- Church: Catholic Church
- Archdiocese: Milan
- Appointed: 9 June 1990
- Term ended: 10 January 2005

Orders
- Ordination: 7 June 1952 by Alfredo Ildefonso Schuster
- Consecration: 24 June 1990 by Carlo Cardinal Martini, S.J.

Personal details
- Born: Angelo Mascheroni 13 October 1929 (age 96) Sesto San Giovanni, Kingdom of Italy

= Angelo Mascheroni (bishop) =

Italian Roman Catholic bishop (born 1929)

Angelo Mascheroni (born 13 October 1929) is an Italian Roman Catholic prelate who served as Auxiliary Bishop of the Archdiocese of Milan from 1990 until his retirement in 2005.

== Early life and priesthood ==
Angelo Mascheroni was born on 13 October 1929 in Sesto San Giovanni, near Milan, in northern Italy. He was ordained a priest for the Archdiocese of Milan on 7 June 1952 by Cardinal Alfredo Ildefonso Schuster.

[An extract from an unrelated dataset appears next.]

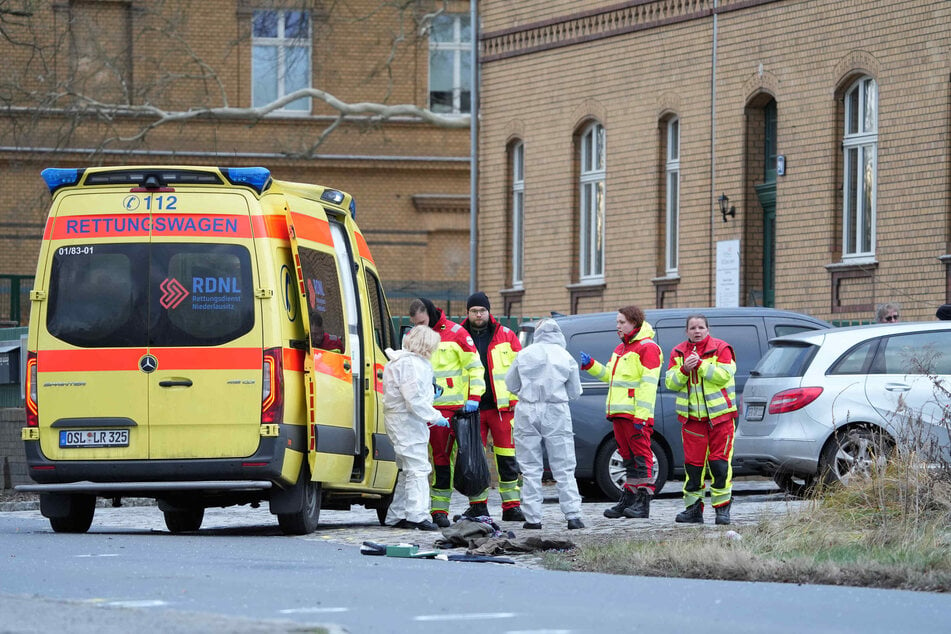 Der 32-Jährige erlag seinen Verletzungen noch am Unfallort.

During his priestly ministry in the archdiocese, he held a variety of pastoral and administrative posts, including service as a vicar for the diocesan clergy and roles in pastoral care and formation (details in diocesan sources).

== Episcopal ministry ==
On 9 June 1990, Pope John Paul II appointed Mascheroni as Auxiliary Bishop of Milan and Titular Bishop of Forum Flaminii. He received his episcopal consecration on 24 June 1990 from Carlo Maria Martini, S.J., then Archbishop of Milan, with co-consecrators including Alessandro Maggiolini and Bernardo Citterio.

As an auxiliary bishop, Mascheroni supported the archbishop in pastoral governance of the archdiocese, including assignments such as overseeing clergy formation, serving on diocesan commissions, and assisting in liturgical and sacramental ministry throughout the territory of the Archdiocese of Milan.

He retired on 10 January 2005 upon reaching the age limit for bishops, becoming Auxiliary Bishop Emeritus of Milan.